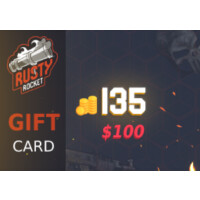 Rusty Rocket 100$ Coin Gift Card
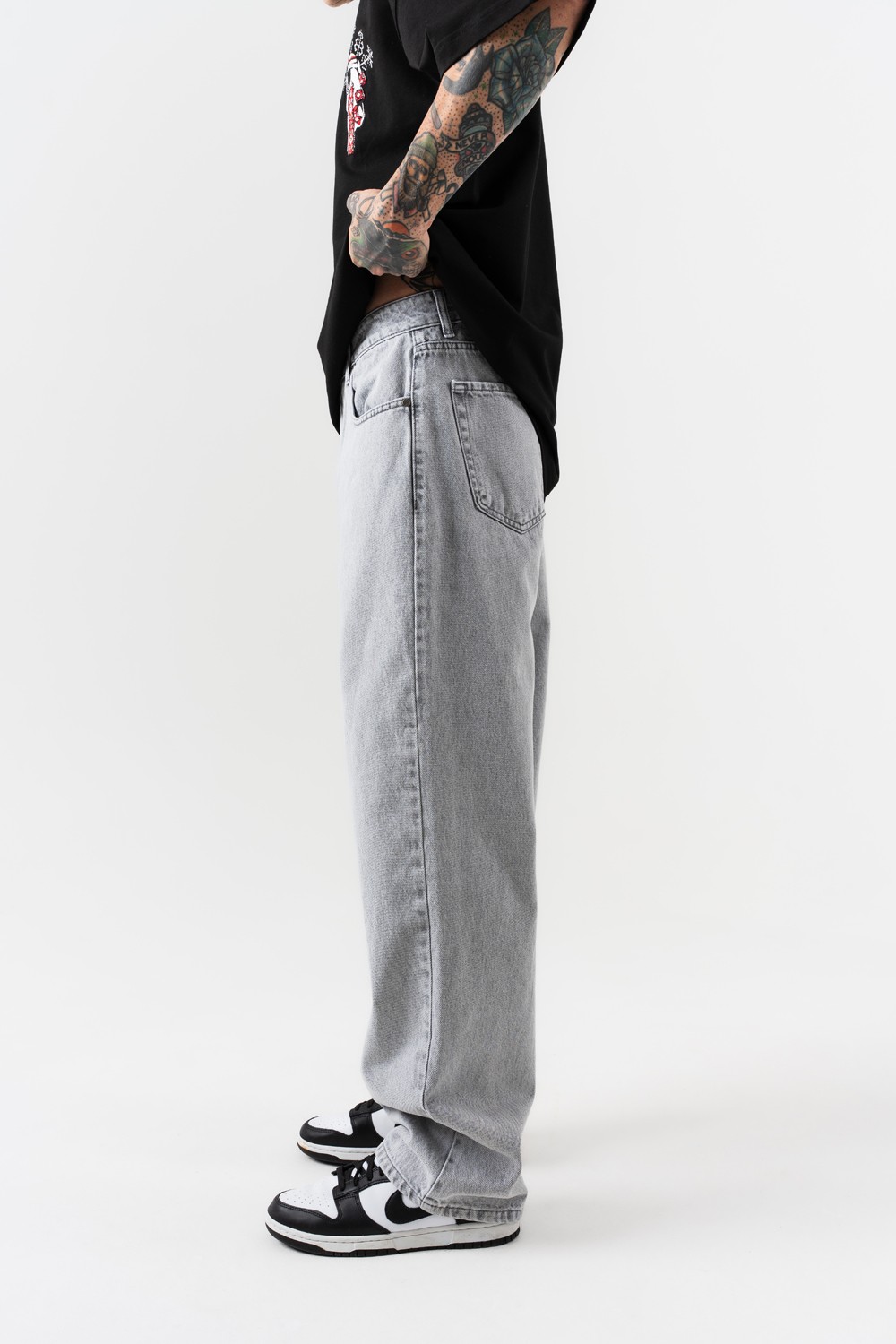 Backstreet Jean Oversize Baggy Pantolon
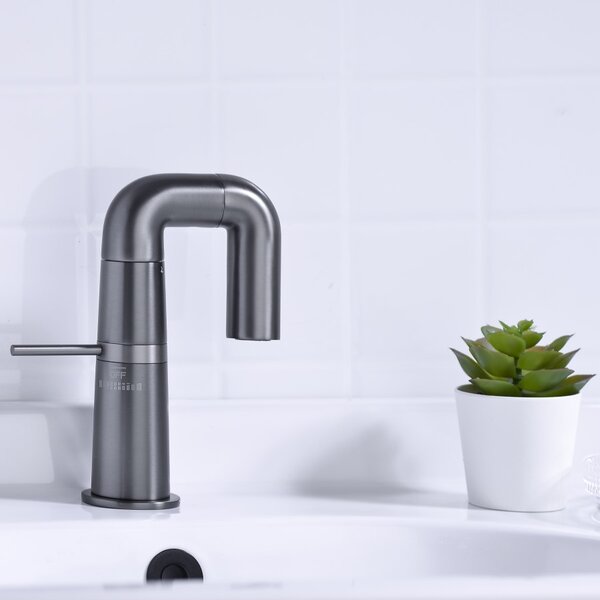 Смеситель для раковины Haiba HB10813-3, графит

********************

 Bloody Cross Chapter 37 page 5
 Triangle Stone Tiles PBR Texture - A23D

********************

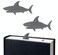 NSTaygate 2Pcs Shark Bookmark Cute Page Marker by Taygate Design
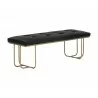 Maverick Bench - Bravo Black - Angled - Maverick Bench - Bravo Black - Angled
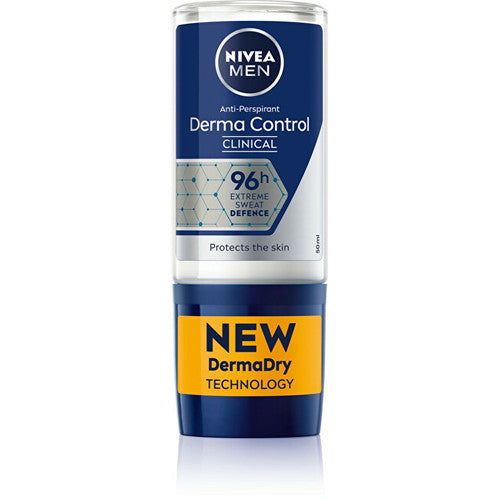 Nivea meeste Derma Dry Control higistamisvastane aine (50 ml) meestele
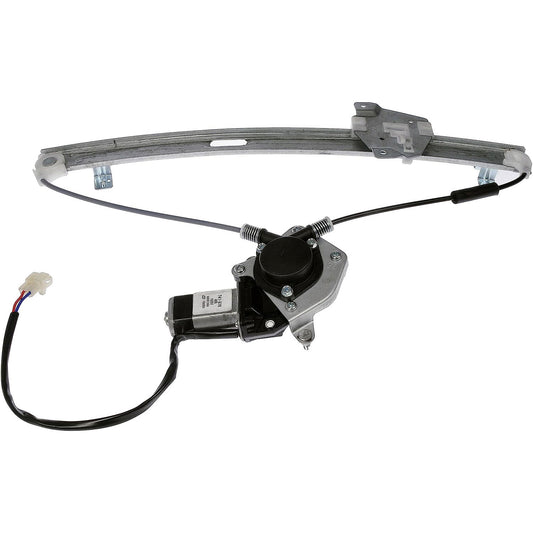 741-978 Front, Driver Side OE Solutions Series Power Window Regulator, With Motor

********************

**Exercise brief:**
Output exactly, and only, the lines of the entries above from the one with "Nivea meeste Derma" up to and including the one with "741-978 Front, Driver"; pictures are to be left out.

**Solution for this exercise:**
 Nivea meeste Derma Dry Control higistamisvastane aine (50 ml) meestele
 741-978 Front, Driver Side OE Solutions Series Power Window Regulator, With Motor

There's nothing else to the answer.